* [Data extract]

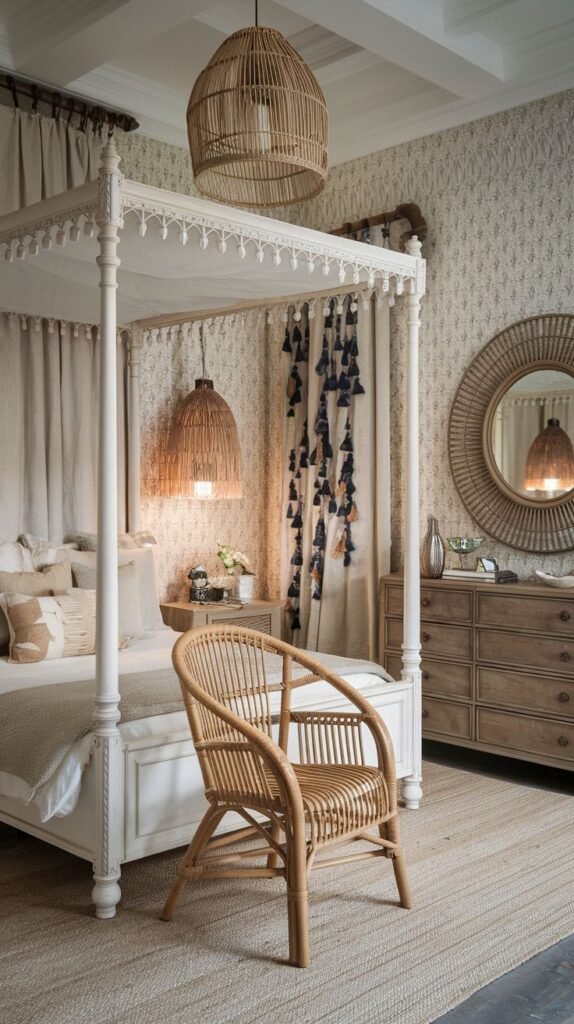 White carved four-poster bed in a neutral Beachy Boho Bedroom, accented by layered rattan pendant lights, a large rattan chair in the foreground, and dark tassel wall hangings.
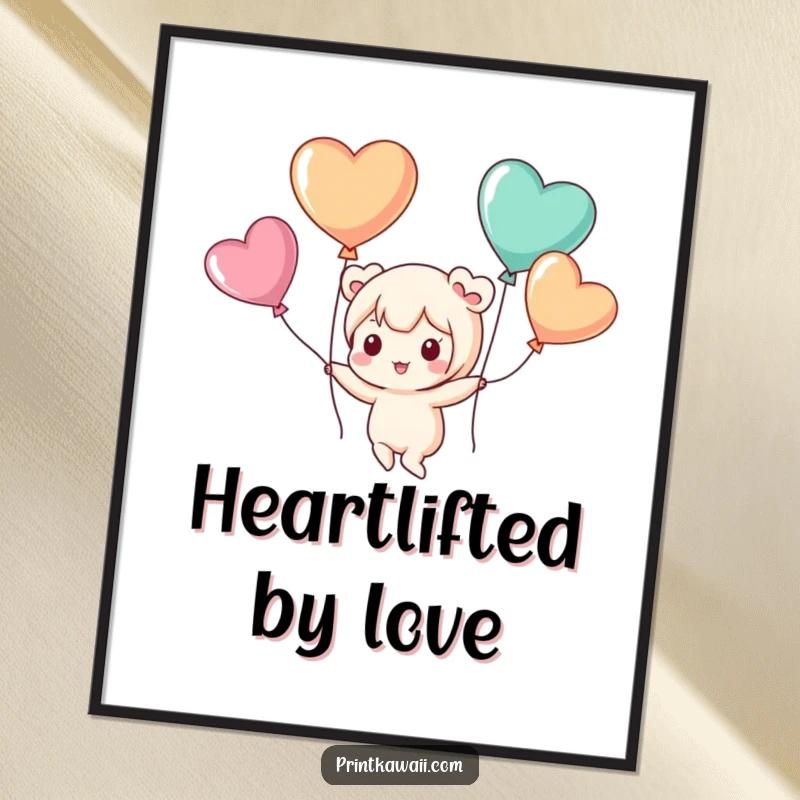 Funny digital art print of a cute kawaii character playfully floating with heart-shaped balloons, symbolizing joy and whimsy.
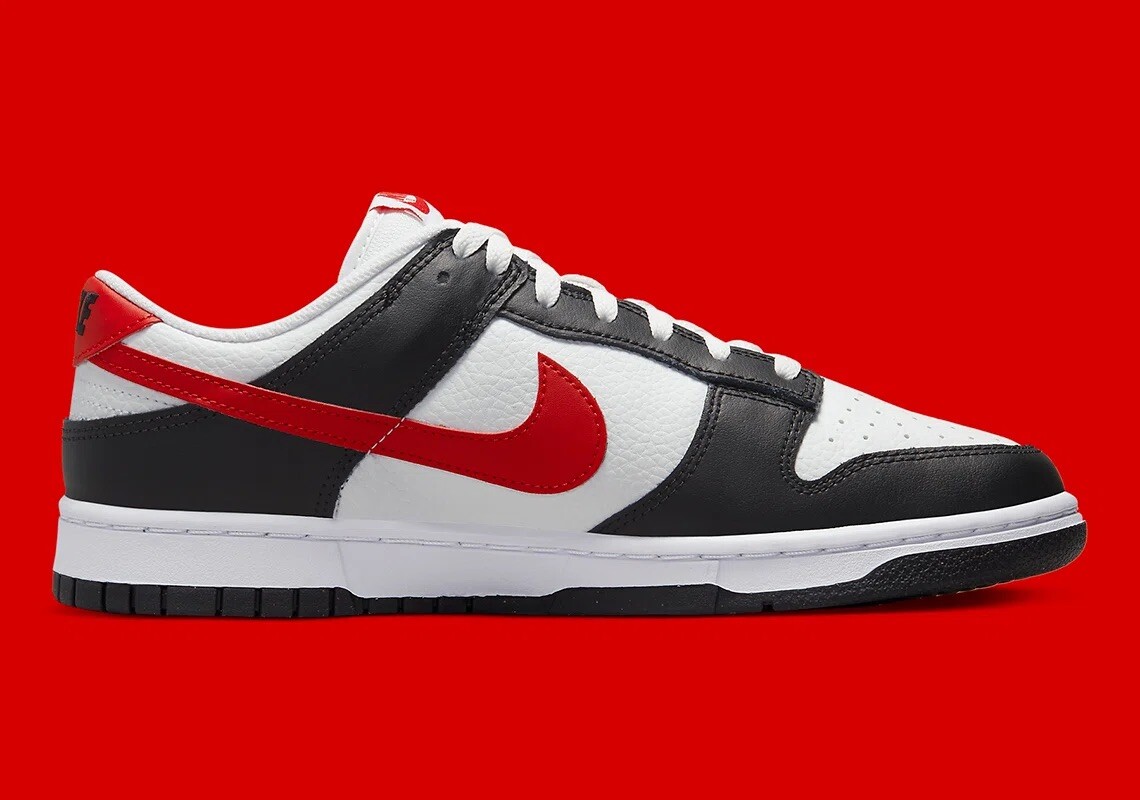 Nike Dunk Low Retro Red Swoosh Panda Black White Shoes FB3354-001  Menu0026#039;s Sizes | eBay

* [Task] Would you retype every line shown above exactly, leaving the pictures aside?

* [The completed task]
 White carved four-poster bed in a neutral Beachy Boho Bedroom, accented by layered rattan pendant lights, a large rattan chair in the foreground, and dark tassel wall hangings.
 Funny digital art print of a cute kawaii character playfully floating with heart-shaped balloons, symbolizing joy and whimsy.
 Nike Dunk Low Retro Red Swoosh Panda Black White Shoes FB3354-001  Menu0026#039;s Sizes | eBay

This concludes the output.